= Ivan Balhatchet =

British police officer

Ivan Balhatchet is a senior British police officer. Balhatchet was appointed as interim Chief Constable of Northamptonshire Police in October 2023, following the suspension of his predecessor, Nick Adderley. In January 2025 it was confirmed that he was substantively appointed as Chief Constable. Balhatchet joined Northamptonshire Police in 2000, subsequently serving as a detective, a senior investigating officer, a strategic firearms commander and a hostage negotiator.

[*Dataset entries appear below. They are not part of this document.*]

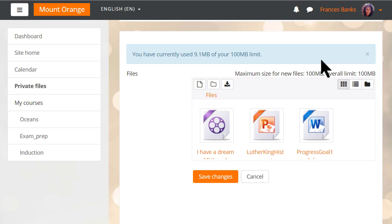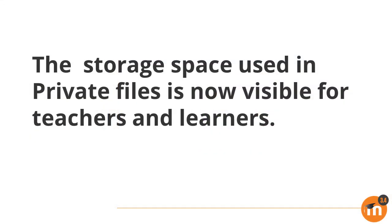Note that administrators won't see this limit. To summarize, the storage space used in private files is now visible for teachers and learners.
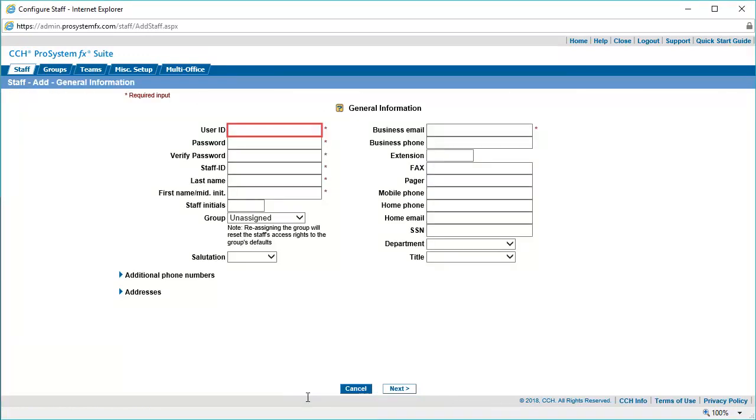Enter a unique User ID with at least 6 digits for your staff member. This entry will auto-populate in the Staff ID field. Enter a password of at least 8 characters containing an uppercase letter, a number, and a special character.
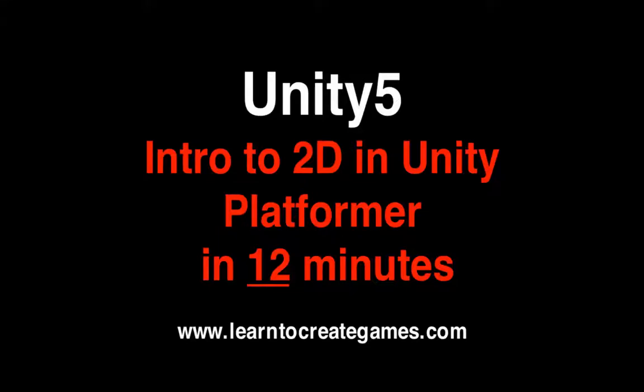Hi guys, welcome to learntocreategames.com. Today we will look at a platformer using the 2D features. So let's get started.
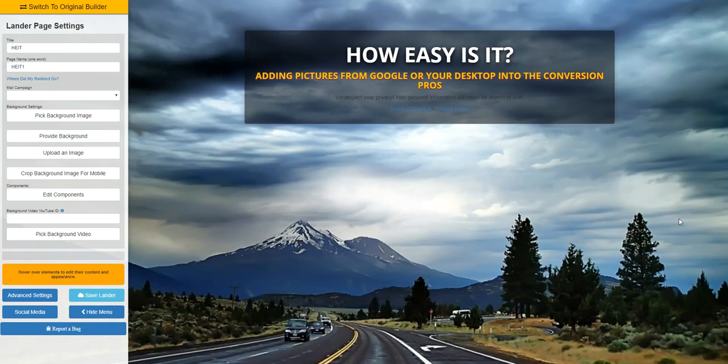Welcome to the Conversion Pros. How easy is it? We want to show how easy our system is. We get a lot of people asking questions about how they can do this and how they can do that, and sometimes they feel it's a complicated process when it's really not.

In November 2025, The Court of Appeal ruled that Northamptonshire Police had been "wilfully disobedient" because it had repeatedly failed to obey court rulings to hand over video footage to a complainant, Nadine Buzzard-Quahsie, who had been wrongfully arrested by three police officers in 2021. The Court also found Balhatchet, personally, to be in contempt of court. Noting that the law allowed him to be found personally liable for the disobedience, the Court observed that he could face up to two years in prison. This judgement was the first time in British history that a chief constable was found in contempt of court. A further court hearing on 20 November decided against imprisoning Balhatchet and instead imposed a fine of £50,000. Danielle Stone, Northamptonshire's Police, Fire and Crime Commissioner considered suspending Balhatchet but decided against it, noting that he had been unaware what had been going on until 22 October 2025. Balhatchet is believed to be the first Chief Constable to be found in contempt of court.